Paul: You have been, wow! I am shook up here a little bit. I’ve got to go rethink. I agree with everything you say though, I have to say that and I think those organizations that don’t recognize this, this isn’t something that you should aspire to do, I think this is something you have to do or you expire. I think it’s that kind of… I think it’s that kind of… This speaks to a whole core of whether you continue in business or not here.
Matt: I agree with you.
Paul: This is existential, that is the word I was looking for here.
Matt: The message here was meant to be entirely positive and the idea that you can sort of make progress on this into 2017 is well within the realm of possibility an application for anybody.
Paul: I am going to give you a thought starter for another conversation here which I will just plant here. Is this something that you have to cram down their throat? Or is this something that once they get it marketers will say hey, this not only makes my job easier, this makes me more money or makes me a better employee or makes me a more valued member of the team or something. In other words, is there an upside to this that we are not pointing out something or is this something you have to force upon people whether they like it or not?
Matt: If you force it on people is probably not going to work very well.
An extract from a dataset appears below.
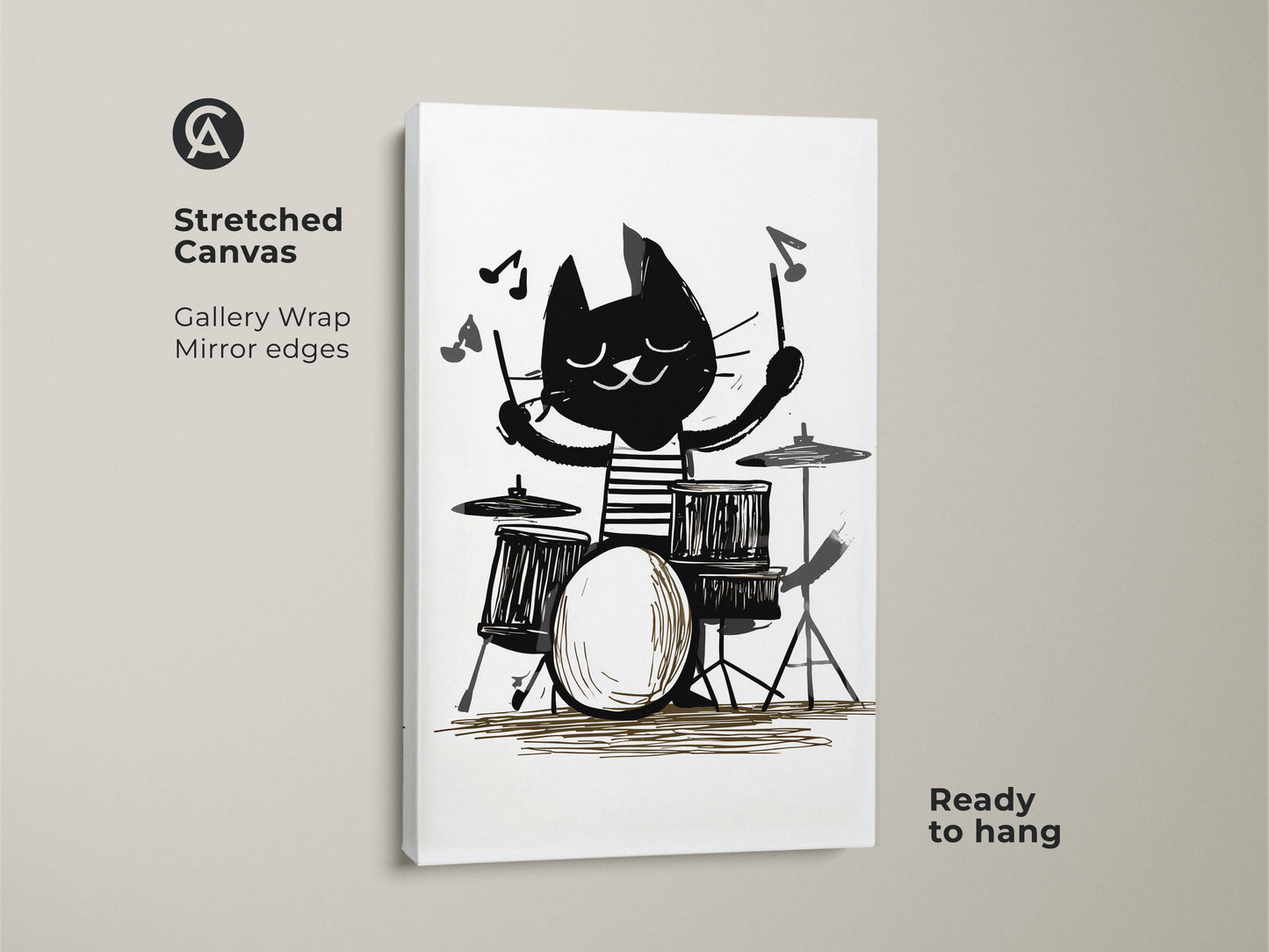Stretched Canvas cat playing drums art. Black and white cat art print on gallery wrap canvas. A music lover gift idea great for kids room animal decor. Eclectic home art ready to hang.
I think it’s easy for me to look at this stuff and see it’s common sense but maybe that’s because I’m on the other side of the mountain.
Paul: Right.
Matt: I think that there a lot of people may look at this and say this is a long… This is a long path to climb, this is a difficult… This is going to be a difficult road to home but I don’t think marketers have a choice if they want to remain competitive and relevant to modern B2B organizations.
I think this is the most amazing time I’ve ever seen to be a B2B marketer. Your ability to embrace this makes you such a critical part of the organization.
Paul: Well, we are going to give Matt Heinz a chance to retort and continue this conversation on our next episode but unfortunately we’ve run out of time here so thanks for listening to Sales Pipeline Radio!